De regreso a EE.UU., Auster vende su primer artículo a The New York Review of Books. El artículo se llama “Babel en Nueva York” y es sobre un libro publicado por Gallimard en 1970 –aunque el original le había llegado a la editorial francesa siete años antes– en la colección que dirigía el psicoanalista, filósofo y militante de izquierda Jean-Bertrand Pontalis. El libro se titula El esquizo y las lenguas y su autor es un tal Louis Wolfson, que es a quien queremos llegar.

A Wolfson no le fue fácil desde el principio: le diagnosticaron esquizofrenia en la infancia, pasó por instituciones psiquiátricas, le aplicaron electroshock. Y había dos cosas que su esquizofrenia no soportaba: el idioma inglés y su madre. Más allá de ella, a quien no podemos conocer sino por el propio Wolfson, a él le dolía oír inglés, le dolía hablar inglés. Le dolía la lengua. No conozco ni he conocido a nadie que le duela una lengua (no el órgano, claro). Debe ser un dolor horriblemente hermoso.

Así que Wolfson, él y su cabecita inventaron un procedimiento de alta sofisticación: traducir espontáneamente y en tiempo real todo aquello que se le decía en inglés a un idioma creado por él mismo, conformado por términos de extranjerías varias en el que se aunaban el francés, el alemán, el ruso y el hebreo, y todo eso sin perder el sentido de lo que decía.

Vaya búsqueda la de traducir la confusión. Lo dicho: el dolor de la lengua madre (tipeo esto y no puedo dejar de pensar en María Teresa Andruetto). Y pensar que uno a veces no puede con el trabalenguas de los tres tristes tigres.

Aquel libro publicado por Gallimard, El esquizo y las lenguas (Le schizo et les langues, en su idioma original), llevaba prólogo de nada más y nada menos que Gilles Deleuze, que llamó a aquel procedimiento “la torre babélica del parloteo balbuciente” (he aquí el porqué del título del artículo de Auster, entonces), texto que Deleuze incluyó, más de veinte años después, en Crítica y clínica. (Deleuze: “La psicosis y su lenguaje son inseparables del procedimiento lingüístico” y “en ello reside la aventura del lenguaje psicótico” y “esta aventura es aventura de palabras”.)
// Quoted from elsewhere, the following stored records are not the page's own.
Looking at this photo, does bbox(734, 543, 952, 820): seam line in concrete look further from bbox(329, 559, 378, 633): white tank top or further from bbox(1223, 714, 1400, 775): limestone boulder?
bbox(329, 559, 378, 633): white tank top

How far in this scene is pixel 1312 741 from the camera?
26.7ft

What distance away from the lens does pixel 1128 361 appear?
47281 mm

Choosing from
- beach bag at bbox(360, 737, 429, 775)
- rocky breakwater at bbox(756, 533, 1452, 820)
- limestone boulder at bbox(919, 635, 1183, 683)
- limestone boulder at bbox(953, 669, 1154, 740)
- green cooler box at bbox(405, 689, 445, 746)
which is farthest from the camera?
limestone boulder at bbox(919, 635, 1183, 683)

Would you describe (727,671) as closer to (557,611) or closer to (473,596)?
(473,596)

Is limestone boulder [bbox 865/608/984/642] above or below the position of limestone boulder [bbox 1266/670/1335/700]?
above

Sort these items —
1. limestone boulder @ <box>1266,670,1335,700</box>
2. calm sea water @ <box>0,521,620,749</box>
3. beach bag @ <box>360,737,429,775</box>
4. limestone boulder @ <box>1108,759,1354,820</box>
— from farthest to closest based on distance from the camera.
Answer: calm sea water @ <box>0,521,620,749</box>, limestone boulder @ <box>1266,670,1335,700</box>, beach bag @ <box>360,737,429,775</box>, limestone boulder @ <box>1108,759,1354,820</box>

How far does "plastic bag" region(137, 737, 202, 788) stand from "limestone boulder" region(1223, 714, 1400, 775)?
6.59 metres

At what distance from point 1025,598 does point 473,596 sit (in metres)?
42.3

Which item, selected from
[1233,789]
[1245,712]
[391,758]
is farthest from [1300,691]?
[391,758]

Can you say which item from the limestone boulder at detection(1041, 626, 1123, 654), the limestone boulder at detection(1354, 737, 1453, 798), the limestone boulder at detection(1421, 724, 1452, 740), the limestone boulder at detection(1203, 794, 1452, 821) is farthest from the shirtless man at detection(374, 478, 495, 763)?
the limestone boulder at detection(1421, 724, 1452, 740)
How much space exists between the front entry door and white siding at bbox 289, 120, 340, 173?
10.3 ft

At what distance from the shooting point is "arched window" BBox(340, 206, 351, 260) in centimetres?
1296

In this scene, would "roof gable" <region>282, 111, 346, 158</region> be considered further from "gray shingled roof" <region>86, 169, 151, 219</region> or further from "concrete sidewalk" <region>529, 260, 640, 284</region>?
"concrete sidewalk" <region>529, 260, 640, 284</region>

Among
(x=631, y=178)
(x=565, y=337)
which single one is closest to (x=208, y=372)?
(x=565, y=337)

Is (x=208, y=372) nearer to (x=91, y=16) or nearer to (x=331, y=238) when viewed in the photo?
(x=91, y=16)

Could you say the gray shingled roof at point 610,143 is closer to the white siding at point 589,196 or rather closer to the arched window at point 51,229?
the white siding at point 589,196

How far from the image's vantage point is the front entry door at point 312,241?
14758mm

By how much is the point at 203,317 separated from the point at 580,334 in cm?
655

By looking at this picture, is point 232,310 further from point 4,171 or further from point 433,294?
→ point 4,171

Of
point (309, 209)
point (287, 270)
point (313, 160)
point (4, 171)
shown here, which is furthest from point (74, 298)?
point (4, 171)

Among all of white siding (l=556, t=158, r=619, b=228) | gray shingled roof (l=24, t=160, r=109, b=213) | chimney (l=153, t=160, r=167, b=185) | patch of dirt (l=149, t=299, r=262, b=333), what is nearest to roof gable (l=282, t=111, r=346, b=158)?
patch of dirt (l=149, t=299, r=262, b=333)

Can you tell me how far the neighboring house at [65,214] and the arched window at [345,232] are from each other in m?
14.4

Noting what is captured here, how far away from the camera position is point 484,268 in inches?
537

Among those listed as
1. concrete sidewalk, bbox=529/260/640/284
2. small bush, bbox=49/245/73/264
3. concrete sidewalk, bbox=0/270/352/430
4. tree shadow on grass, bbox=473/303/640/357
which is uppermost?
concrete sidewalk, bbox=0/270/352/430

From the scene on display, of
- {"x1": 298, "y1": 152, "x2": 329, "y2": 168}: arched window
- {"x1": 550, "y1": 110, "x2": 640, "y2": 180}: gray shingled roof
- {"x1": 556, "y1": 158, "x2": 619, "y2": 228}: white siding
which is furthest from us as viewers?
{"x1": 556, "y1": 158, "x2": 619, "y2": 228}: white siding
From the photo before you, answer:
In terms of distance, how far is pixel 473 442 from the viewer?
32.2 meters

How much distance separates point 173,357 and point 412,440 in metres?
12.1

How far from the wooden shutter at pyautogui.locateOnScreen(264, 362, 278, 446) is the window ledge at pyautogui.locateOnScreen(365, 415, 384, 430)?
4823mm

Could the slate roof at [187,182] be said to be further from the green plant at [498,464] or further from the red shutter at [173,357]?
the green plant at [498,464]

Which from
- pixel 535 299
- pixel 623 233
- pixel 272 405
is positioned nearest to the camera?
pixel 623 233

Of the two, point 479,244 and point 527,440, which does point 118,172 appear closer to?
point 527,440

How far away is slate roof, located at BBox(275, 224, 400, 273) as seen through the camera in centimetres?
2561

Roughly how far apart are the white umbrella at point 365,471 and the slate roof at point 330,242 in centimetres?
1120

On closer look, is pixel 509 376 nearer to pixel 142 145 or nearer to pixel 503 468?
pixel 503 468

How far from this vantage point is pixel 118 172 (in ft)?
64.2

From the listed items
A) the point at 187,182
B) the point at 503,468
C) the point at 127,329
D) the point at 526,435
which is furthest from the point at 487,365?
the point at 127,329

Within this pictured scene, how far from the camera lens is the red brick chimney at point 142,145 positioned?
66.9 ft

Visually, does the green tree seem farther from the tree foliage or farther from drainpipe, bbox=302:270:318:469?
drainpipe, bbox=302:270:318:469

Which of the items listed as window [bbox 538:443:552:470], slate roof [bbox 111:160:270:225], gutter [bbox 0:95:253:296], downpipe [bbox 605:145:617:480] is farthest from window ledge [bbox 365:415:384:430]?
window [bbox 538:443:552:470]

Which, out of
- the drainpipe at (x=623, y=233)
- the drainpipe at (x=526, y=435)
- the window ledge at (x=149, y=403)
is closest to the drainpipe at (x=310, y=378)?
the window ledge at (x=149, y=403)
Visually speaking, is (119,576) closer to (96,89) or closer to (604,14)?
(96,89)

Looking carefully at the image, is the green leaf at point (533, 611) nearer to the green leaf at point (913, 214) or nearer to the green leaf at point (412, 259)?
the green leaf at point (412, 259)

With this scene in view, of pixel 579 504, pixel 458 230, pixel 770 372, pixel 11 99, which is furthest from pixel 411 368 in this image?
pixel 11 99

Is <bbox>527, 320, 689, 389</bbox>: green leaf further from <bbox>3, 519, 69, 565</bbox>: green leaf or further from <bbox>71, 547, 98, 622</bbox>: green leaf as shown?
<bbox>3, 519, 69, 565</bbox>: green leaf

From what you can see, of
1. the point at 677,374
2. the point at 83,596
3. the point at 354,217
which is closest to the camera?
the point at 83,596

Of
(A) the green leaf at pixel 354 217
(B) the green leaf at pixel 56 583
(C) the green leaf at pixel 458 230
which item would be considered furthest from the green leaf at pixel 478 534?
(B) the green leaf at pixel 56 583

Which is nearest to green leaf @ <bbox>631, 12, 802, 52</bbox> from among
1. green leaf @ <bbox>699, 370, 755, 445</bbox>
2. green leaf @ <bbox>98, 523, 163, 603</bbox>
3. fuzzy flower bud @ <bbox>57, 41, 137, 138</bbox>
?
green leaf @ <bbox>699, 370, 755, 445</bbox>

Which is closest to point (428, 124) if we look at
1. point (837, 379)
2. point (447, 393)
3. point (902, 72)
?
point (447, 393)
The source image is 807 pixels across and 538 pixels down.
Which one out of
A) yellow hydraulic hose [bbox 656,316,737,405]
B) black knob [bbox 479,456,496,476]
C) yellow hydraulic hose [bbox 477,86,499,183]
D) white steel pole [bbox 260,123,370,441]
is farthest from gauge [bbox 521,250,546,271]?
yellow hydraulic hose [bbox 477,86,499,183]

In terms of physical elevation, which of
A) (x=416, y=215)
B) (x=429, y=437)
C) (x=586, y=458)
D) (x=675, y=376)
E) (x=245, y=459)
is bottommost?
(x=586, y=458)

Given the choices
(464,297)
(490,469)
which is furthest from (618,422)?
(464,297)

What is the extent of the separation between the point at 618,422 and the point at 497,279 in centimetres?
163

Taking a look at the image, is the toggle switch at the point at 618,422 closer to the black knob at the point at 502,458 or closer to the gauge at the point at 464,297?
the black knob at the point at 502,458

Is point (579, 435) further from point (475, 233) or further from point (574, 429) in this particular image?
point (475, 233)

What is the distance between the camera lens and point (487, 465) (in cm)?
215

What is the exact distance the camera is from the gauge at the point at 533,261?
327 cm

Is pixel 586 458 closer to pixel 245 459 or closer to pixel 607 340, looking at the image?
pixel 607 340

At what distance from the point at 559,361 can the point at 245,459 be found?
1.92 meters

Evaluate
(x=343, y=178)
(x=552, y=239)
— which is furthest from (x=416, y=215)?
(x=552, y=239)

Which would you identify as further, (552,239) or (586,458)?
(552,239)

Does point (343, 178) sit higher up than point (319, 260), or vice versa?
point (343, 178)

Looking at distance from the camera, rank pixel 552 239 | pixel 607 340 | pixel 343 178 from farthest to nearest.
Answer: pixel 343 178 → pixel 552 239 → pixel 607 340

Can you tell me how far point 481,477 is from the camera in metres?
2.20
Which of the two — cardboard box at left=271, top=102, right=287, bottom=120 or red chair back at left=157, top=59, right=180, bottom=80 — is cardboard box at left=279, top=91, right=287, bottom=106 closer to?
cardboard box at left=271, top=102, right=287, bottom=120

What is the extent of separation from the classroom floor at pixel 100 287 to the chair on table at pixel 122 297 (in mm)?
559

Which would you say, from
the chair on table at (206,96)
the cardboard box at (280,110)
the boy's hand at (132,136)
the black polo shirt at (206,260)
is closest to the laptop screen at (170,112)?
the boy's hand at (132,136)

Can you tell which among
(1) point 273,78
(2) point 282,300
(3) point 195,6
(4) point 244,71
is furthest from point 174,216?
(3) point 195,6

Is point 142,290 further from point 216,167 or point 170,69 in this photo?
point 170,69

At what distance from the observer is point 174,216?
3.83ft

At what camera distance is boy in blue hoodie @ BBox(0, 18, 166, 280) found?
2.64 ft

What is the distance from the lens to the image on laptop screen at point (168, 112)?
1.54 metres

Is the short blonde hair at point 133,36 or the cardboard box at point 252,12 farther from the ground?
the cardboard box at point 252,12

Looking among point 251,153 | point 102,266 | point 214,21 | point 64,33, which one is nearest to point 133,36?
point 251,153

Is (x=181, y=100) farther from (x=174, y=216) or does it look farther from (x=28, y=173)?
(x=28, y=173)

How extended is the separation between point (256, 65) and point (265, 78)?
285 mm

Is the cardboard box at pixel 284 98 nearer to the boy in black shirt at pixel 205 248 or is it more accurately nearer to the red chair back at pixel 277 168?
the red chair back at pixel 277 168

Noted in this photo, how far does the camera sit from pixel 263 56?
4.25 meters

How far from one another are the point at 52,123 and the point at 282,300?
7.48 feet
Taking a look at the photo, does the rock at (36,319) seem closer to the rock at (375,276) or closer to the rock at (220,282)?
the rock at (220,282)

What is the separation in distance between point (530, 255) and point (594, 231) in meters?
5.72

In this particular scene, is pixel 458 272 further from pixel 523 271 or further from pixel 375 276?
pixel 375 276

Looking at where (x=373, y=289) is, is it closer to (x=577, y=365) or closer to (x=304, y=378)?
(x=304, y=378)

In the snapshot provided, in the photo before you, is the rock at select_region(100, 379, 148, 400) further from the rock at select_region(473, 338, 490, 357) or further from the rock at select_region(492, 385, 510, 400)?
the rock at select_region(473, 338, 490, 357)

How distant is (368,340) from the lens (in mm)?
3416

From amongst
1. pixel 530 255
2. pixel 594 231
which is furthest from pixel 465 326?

Tras la muerte de su madre, Wolfson se instaló en Montreal (¿tal vez porque se habla francés?) y comenzó a escribir en formato crónica lo que sería su segundo libro, Mi madre, música, murió de una enfermedad maligna el martes a la medianoche de mediados de mayo de 1977 en el Memorial Hall de Manhattan. No es una reseña en itálica: es el título. El tercero se llamó El epiléptico sensorial esquizofrénico y las lenguas extranjeras, o Punto final en un planeta infernal. Inténtenlo, pero verán que no son fáciles de conseguir los libros de Louis Wolfson.

Auster, en los inicios de su carrera, como Wolfson en su esquizofrenia, cada uno a su manera, estaban buceando en Babel, en los vaivenes de la lengua, en los entresijos el lenguaje, inventando, cada uno a su manera, una forma de pronunciar la palabra. Para los traductores literales como uno, ignorantes de la semántica de una lengua ajena, Wolfson contiene un juego de palabras muy elemental: Wolf: lobo; son: hijo. Hijo de lobo. Y ya sabemos que todo lobo sombras suele vestir: la esquizofrenia, el lenguaje, la madre, en este caso. Hay más. “Homo homini lupus”. La frase es de Plauto, tiene más de dos mil doscientos años y la conocemos popularmente como “el hombre es el lobo del hombre”.

Un último dato. Louis Wolfson tiene noventa y un años y desde 1994 reside en Puerto Rico. Uno tiende a imaginar que del lado de los que hablan español. No ha de pasar penurias económicas como las de Paul Auster allá por principios de los ’70. En 2003 se hizo millonario al pegarla en el primer premio de la lotería. 

Era cierto que al final hay recompensa.